The Part Almost Nobody Mentions: You'll Need Italian by Year 3
This is the detail most guides skip entirely. You need zero Italian to apply, sit IMAT, or get admitted — the first two years are genuinely taught in English. But every non-native speaker is required to reach Italian level B1 (some universities, including Milan, ask for B2) by the end of year two, through mandatory language courses run by the university's own language centre. From year three onward, every clinical rotation — ward rounds, patient interviews, talking to nursing staff, reading patient files — happens in Italian. If you're not prepared for this, it can turn into the hardest part of the entire degree, so it's worth starting basic Italian well before you ever board a flight.
Recognition: Can I Practice in India After an Italian MD?
Yes, through the same route as any other foreign medical degree. After your six-year Laurea Magistrale in Medicina e Chirurgia, you return to India and clear the FMGE (transitioning into the NExT screening exam under NMC's newer framework) to register and practice. This is the same requirement that applies to MBBS graduates from Russia, Georgia, or the Philippines — Italy isn't an exception, and it isn't a shortcut either. It's worth independently checking a university's current NMC-recognition status before you finalise your choice, since this can be verified directly on the NMC's official list.
Frequently Asked Questions
Is IMAT hard to crack for Indian students?
It's demanding but very learnable — the syllabus overlaps significantly with NEET Biology, Chemistry, and Physics, so Indian students with a solid Class 12 science foundation usually adapt quickly. The parts that catch people off guard are Logical Reasoning and the General Knowledge/Reading section, which NEET doesn't cover at all and genuinely need separate practice.
Can I retake IMAT if I don't get a good rank?
Yes — IMAT is held annually, and there's no cap on how many times you can attempt it. Just remember you must sit it in the same year you intend to start medical school, so a retake means waiting for the next academic cycle.
Is the entire IMAT exam in English?
Yes, IMAT is set and administered entirely in English, since it exists specifically to select students for English-taught Medicine and Surgery programmes. No Italian is required anywhere in the exam itself.
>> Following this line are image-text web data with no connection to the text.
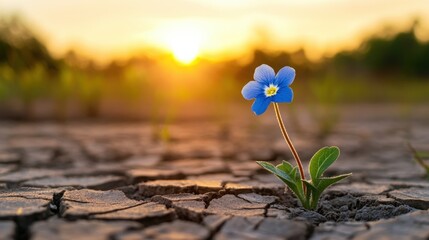 blue flower growing in dry cracked earth with sunrise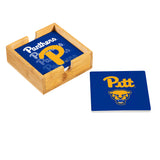 Pittsburgh Panthers Coaster Set 4 Piece with Wood Caddy-2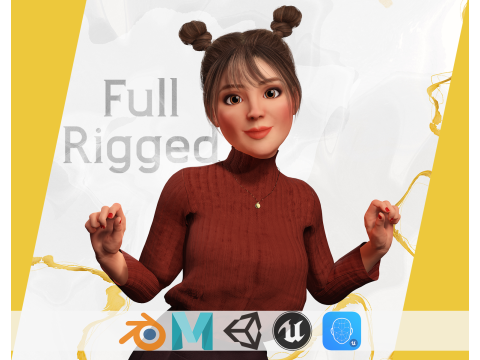 Girlfriend stylized toon girl 3D Модель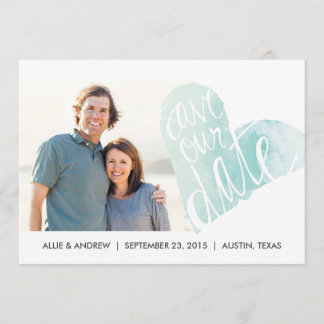 Watercolor Heart Save the Date Announcement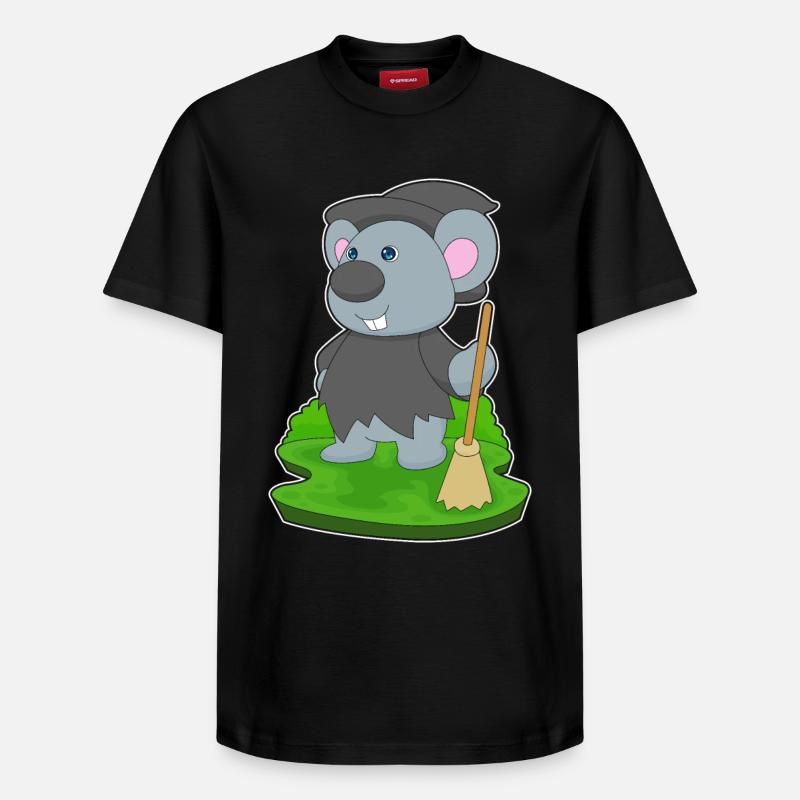 Souris Sorcière d’Halloween - T-shirt unisexe décontracté en coton Supima – de SPREAD - noir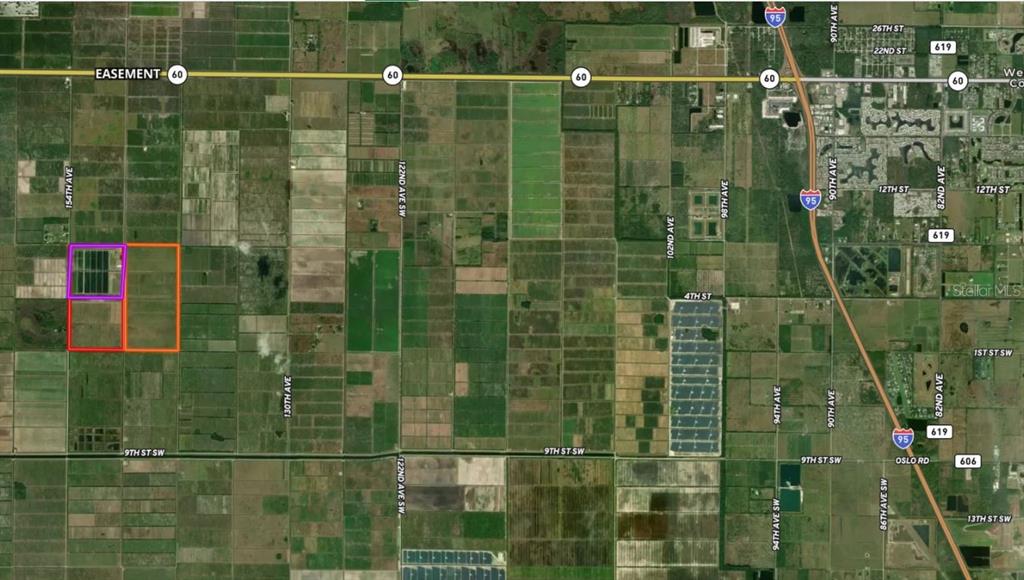An aerial map shows agricultural land parcels outlined in purple, red, and orange — 455 146TH AVENUE, VERO BEACH, FL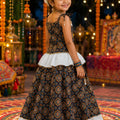 Adorable Multicolor Cotton Printed Girls Lehenga Choli with Layered Flared Skirt for Navratri
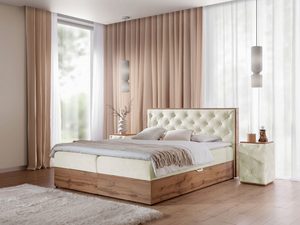 Miniaturka 2 - Tapicerowane łóżko w kolorze kremowym z drewnianą podstawą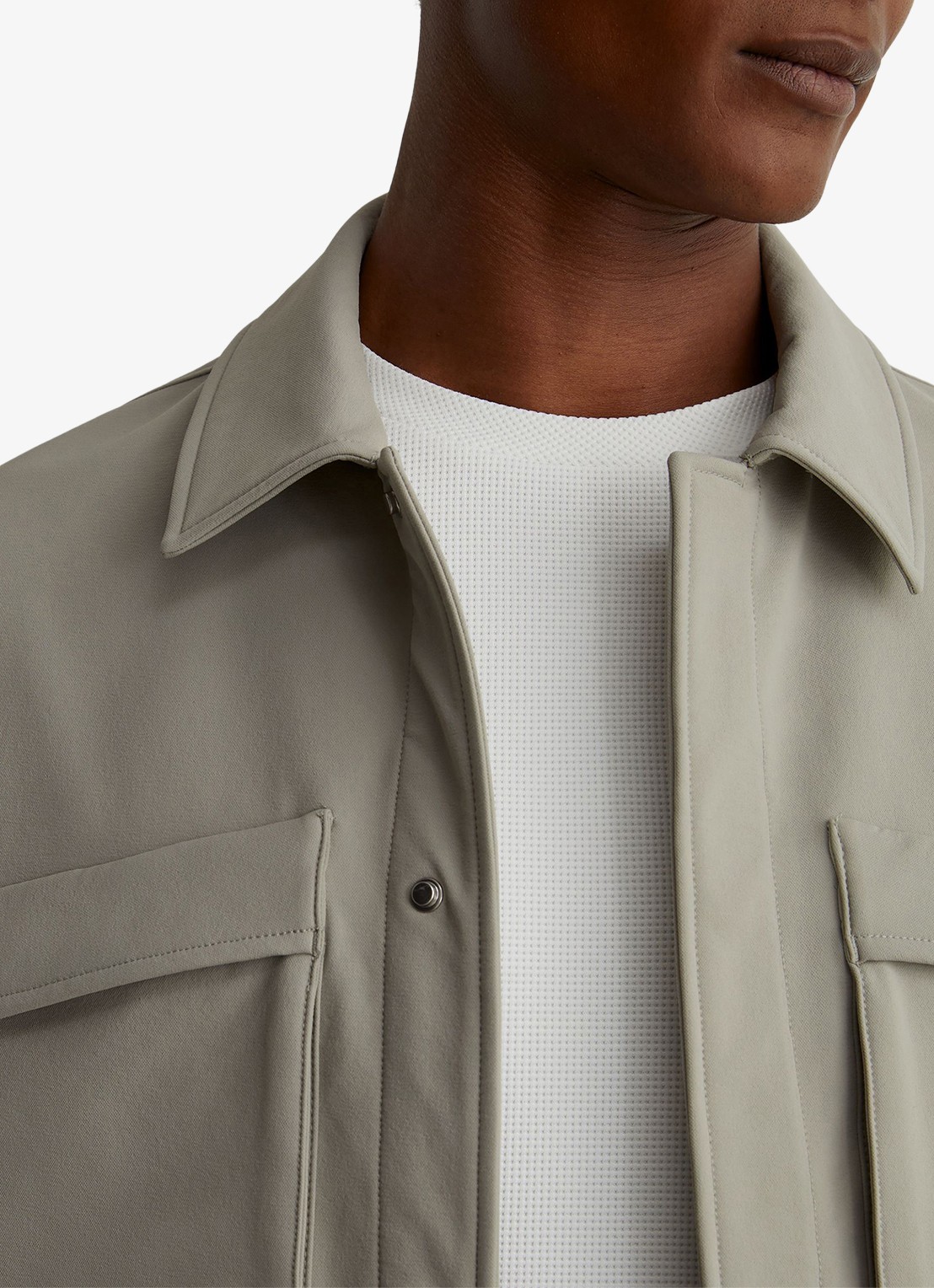 Reiss Divide regular fit overshirt met borstzak - detail 4 stone / beige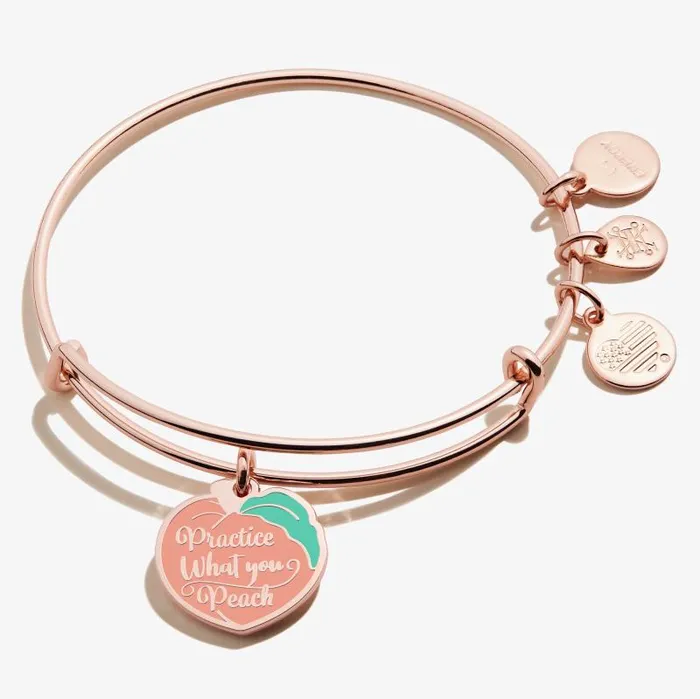 Iconic Women Alex And Ani Practice What You Peach039 Charm Bangle Shiny Rose Gold Iconic Women Alex And Ani Practice What You Peach039 Charm Bangle Shiny Rose Gold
Do Italian universities ask for a donation or management-quota fee?
No. Every seat in Italy's English-medium Medicine and Surgery programmes is allocated purely by IMAT rank at public universities — there's no donation-based or management-quota admission route the way there sometimes is in other MBBS-abroad destinations.
What happens if I don't get my first-choice university?
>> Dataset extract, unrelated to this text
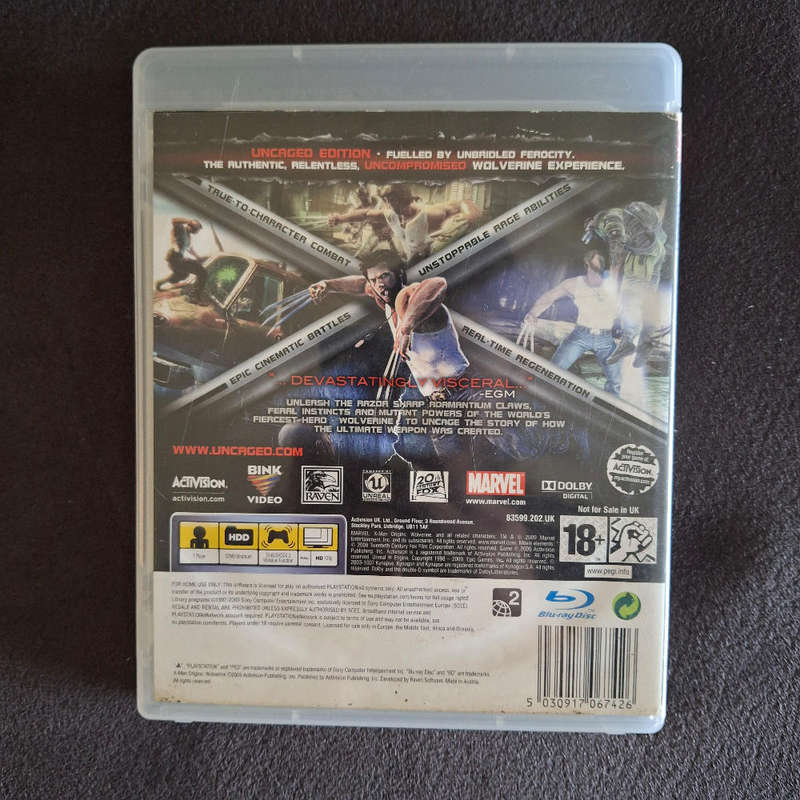 PS3 X-MEN ORIGINS : WOLVERINE (UNCAGED EDITION)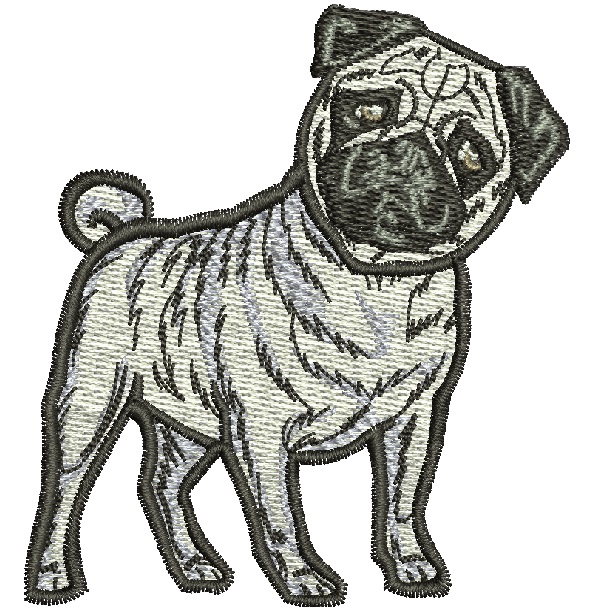 Pug dog machine embroidery design, instantly download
You're not stuck with a single outcome the day results are released. Seats fill in "scorrimento" rounds over several weeks as higher-ranked candidates confirm or decline offers elsewhere, so your position can genuinely improve after the initial list comes out. Ranking your university preferences realistically — including at least one or two less oversubscribed options like Bari, Pavia, or Messina — meaningfully improves your odds of a 2026/27 seat.
How IMA Faridabad Helps With Your IMAT Application
- Profile evaluation against realistic IMAT score bands, so you shortlist universities you can genuinely compete for, not just aspire to.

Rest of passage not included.